What i did do, is strip it down and take care of the servicing stuff and some jimbo style polishing. So first thing was get the group off and start cleaning, however there really was not a lot of grime in there (as per my usage suspicions) so a cafizza dip and some polishing and here we go


----------



## ricca509 (Sep 25, 2017)

Beautiful piece of machinery!


----------



## coffeechap (Apr 5, 2012)

I also cleaned and polished the pipe and pipe end of the group.

















once complete the piston was polished (but was pretty clean anyway) seals fitted, shower screen in cafizza, then re assembled ready to fit.

















next job was to attack the boiler, so a quick descale (as there really was not a lot in there just some blackening, and hey ho one clean boiler. also cleaned out the exit port.


----------



## coffeechap (Apr 5, 2012)

Next was to check out the base electrics and condition. No surprises here just neat wiring, in good original condition, clean element and everything as it should be, so a clean up and on we go

























it really is remarkable how good the paintwork is on this machine, I always like to keep machines in the original colour as that it what restoration is all about and this paint is a lot harder to get a match for than the earlier ones, so being able to keep it original really adds to the attraction of these machines.

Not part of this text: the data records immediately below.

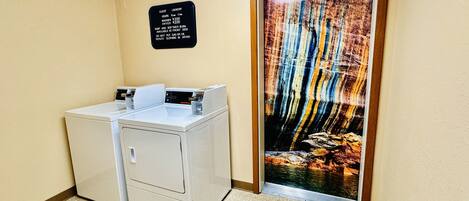 A laundry area with a sign detailing guest laundry hours and fees, a washer and dryer, and a door with an 'Employees Only' sign.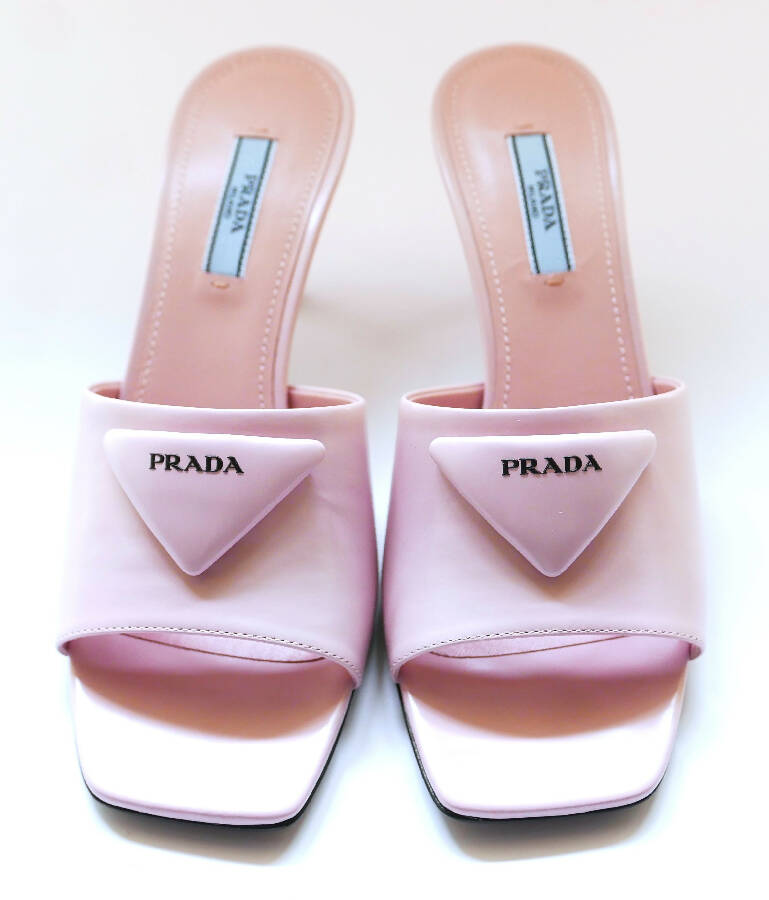 Prada women's light pink leather Triangle Logo heeled Mules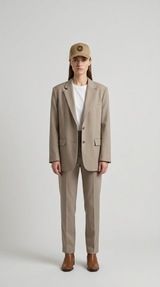 Kvinde iført beige jakkesæt, hvid t-shirt og kasket stående mod en neutral baggrund.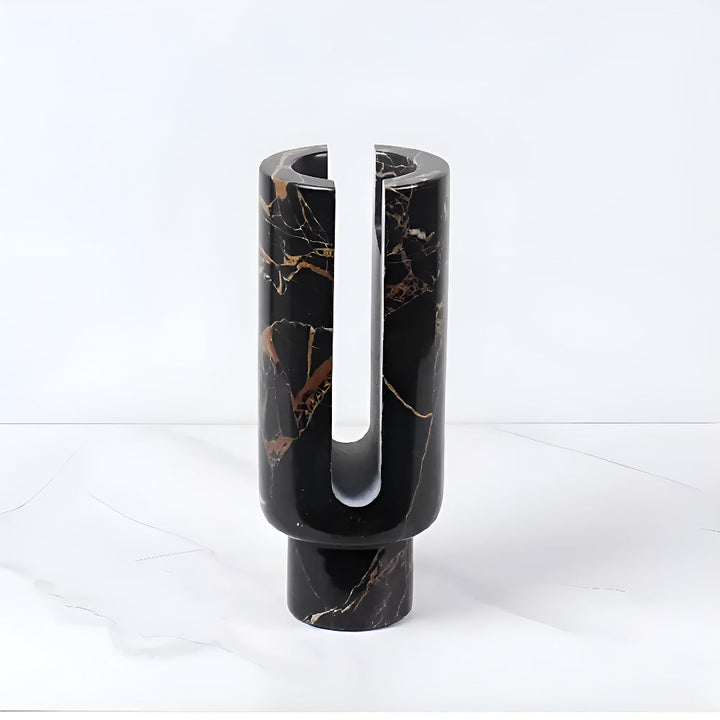 Black marble candle holder with gold veining and a U-shaped cutout.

Last but not least before completing the reassembly and testing the seals and electrics, was to clean the bakelite and the portafilter, again a short soak in caffizza and it looks like new.


----------



## coffeechap (Apr 5, 2012)

Final task was to polish all the chrome, clean the rubber base, which is in amazing condition for its age, then reassemble the machine. First power up and everything works exactly like it should, twin element heats it up quick to the first hissing from over pressure valve then switch to 200 watt element and she purrs away ready for an espresso.

so here are the glamour shots


----------



## sumatra (Oct 3, 2018)

Nice work! You are quite lucky to find one in such a good condition.

What did you use to polish the inside of the group and the piston?


----------



## coffeechap (Apr 5, 2012)

sumatra said:


> Nice work! You are quite lucky to find one in such a good condition.
> 
> What did you use to polish the inside of the group and the piston?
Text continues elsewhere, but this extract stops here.